Bab 4
Wajah pucat Lusiana, serta permintaan Fathan membuat Aruna tersadar, kalau di rumah besar yang telah ia tempati, tak ada satupun foto yang menunjukkan ibu Fathan.
Sejujurnya, Aruna sudah sangat penasaran bagaimana Bastian dan ibu Fathan berpisah. Apakah perempuan itu meninggal saat melahirkan Fathan, atau melarikan diri bersama lelaki lain?
"Mam, kalau aku minta kita foto bareng-bareng, Mami mau gak?"
Lusiana terkesiap. Ia mengangguk disertai senyum canggung di bibirnya. "Cucu Oma yang ganteng, kamu mau ikut gak, jalan-jalan sama Oma dan Mama?" tanyanya berusaha mengalihkan pembicaraan.

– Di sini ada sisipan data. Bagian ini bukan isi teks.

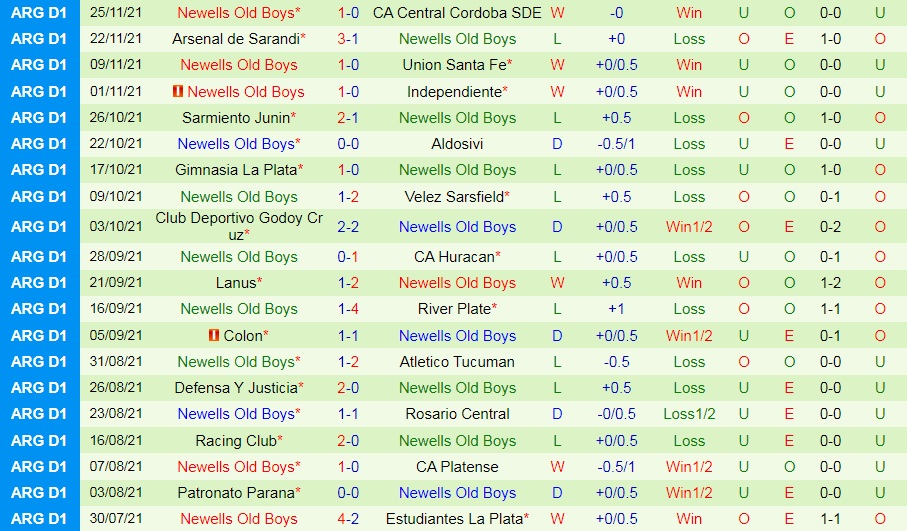 Boca Juniors vs Newells Old Boys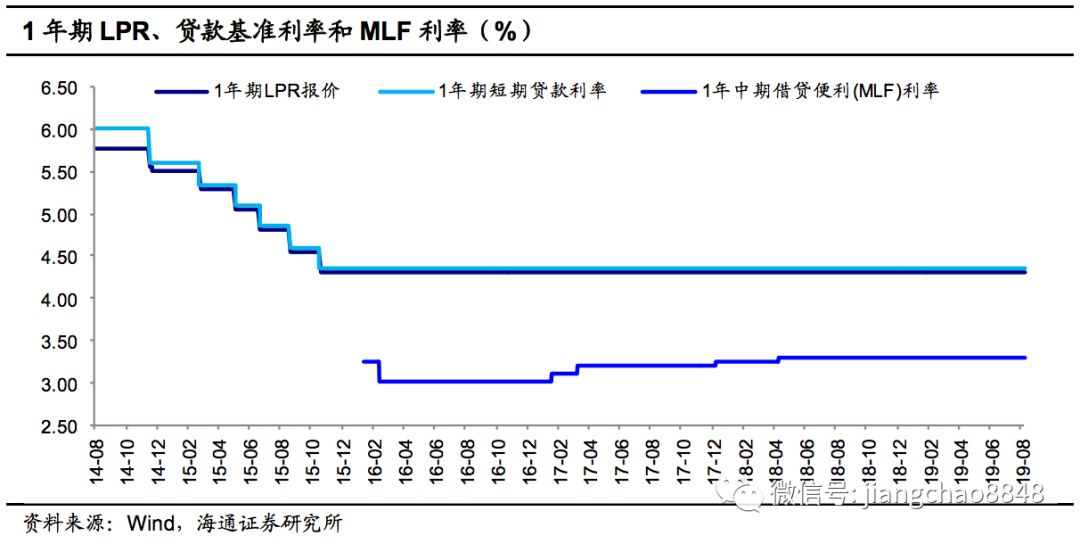 lpr合同周期 签订lpr后什么时候开始算起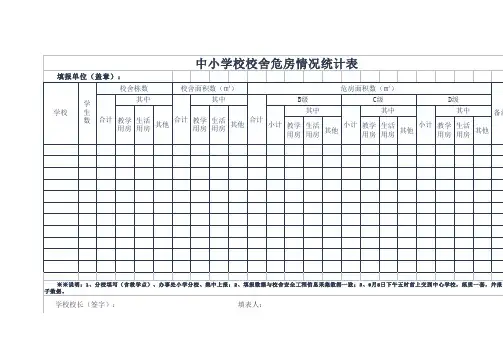 中小学校校舍危房情况统计表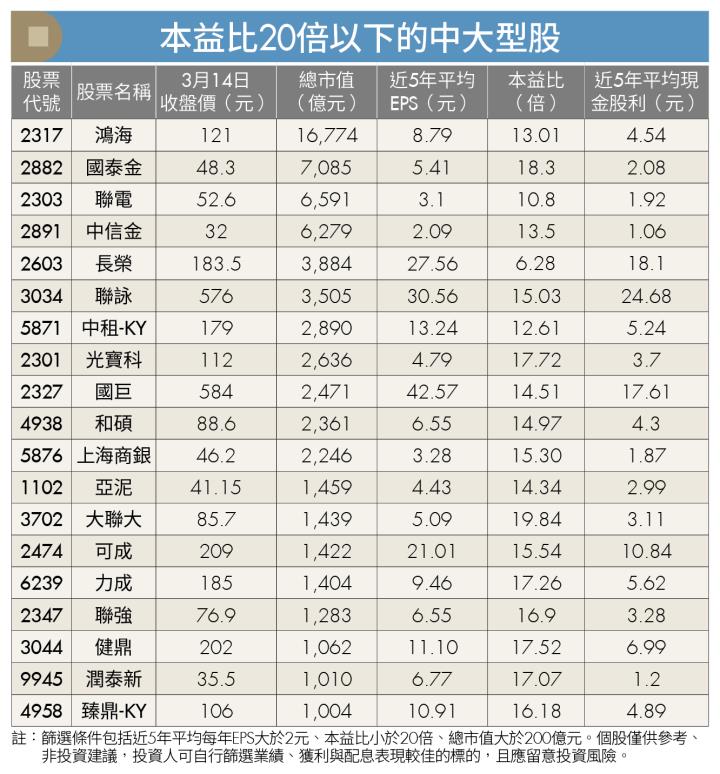 《薯哥教投資》大盤創新高 還有好標的可買嗎？善用比價效應 布局好體質潛力股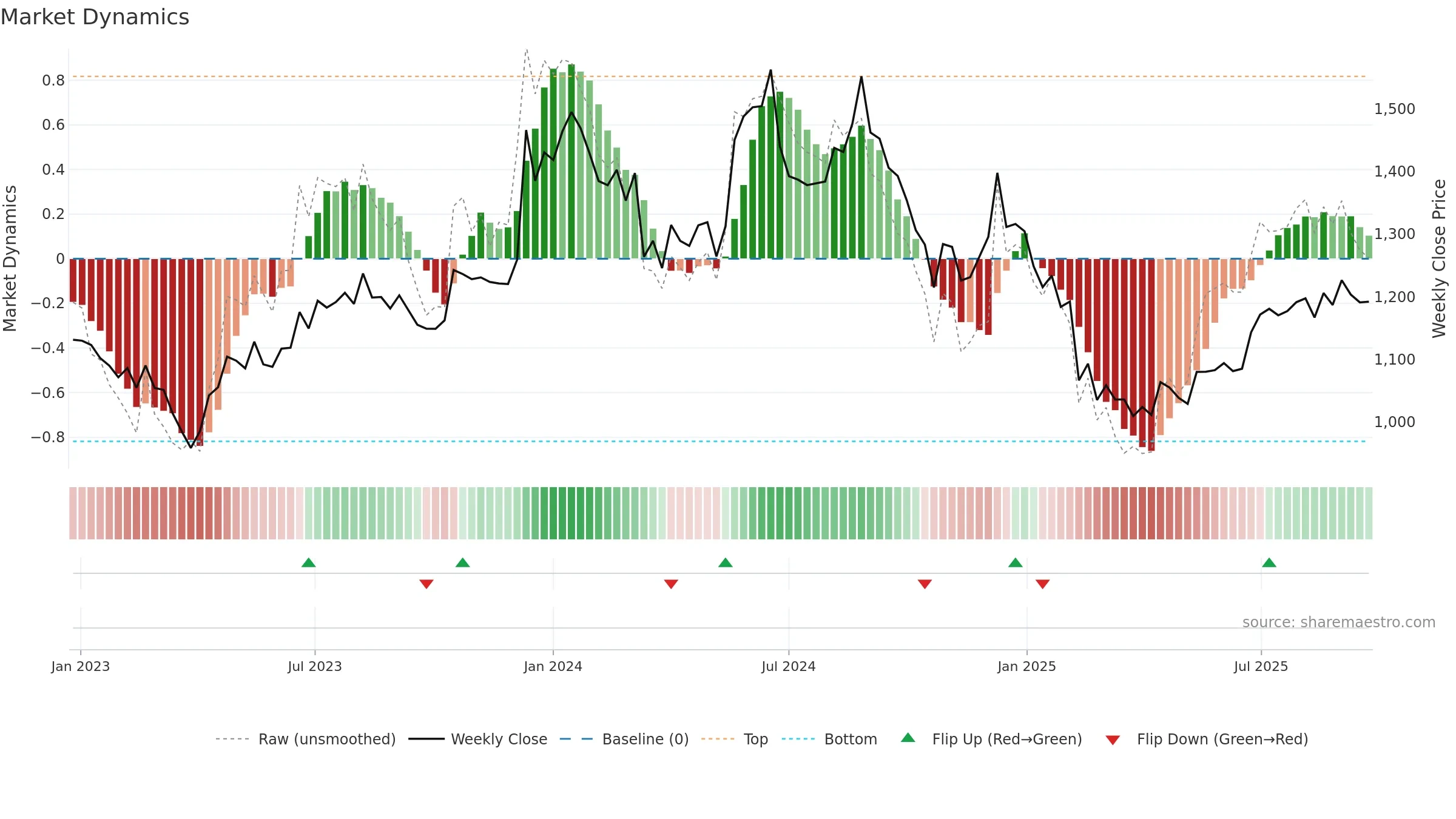 CHEVIOT weekly Market Dynamics chart, closing 2025-09-22.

"Mau, Oma! Emangnya Oma sama Mama mau ke mana?"
"Pertama, Oma mau ngajak Mama pergi ke mall, terus pergi ke klinik supaya Mama sama Oma tambah cantik!"
"Aku mau, Oma! Aku ganti baju dulu, ya!" Penuh semangat Fathan berlari. Aruna hendak menyusul, tetapi Lusiana melarang.
"Udah ada pengasuh Fathan, kamu duduk aja di sini," ucap perempuan paruh baya itu.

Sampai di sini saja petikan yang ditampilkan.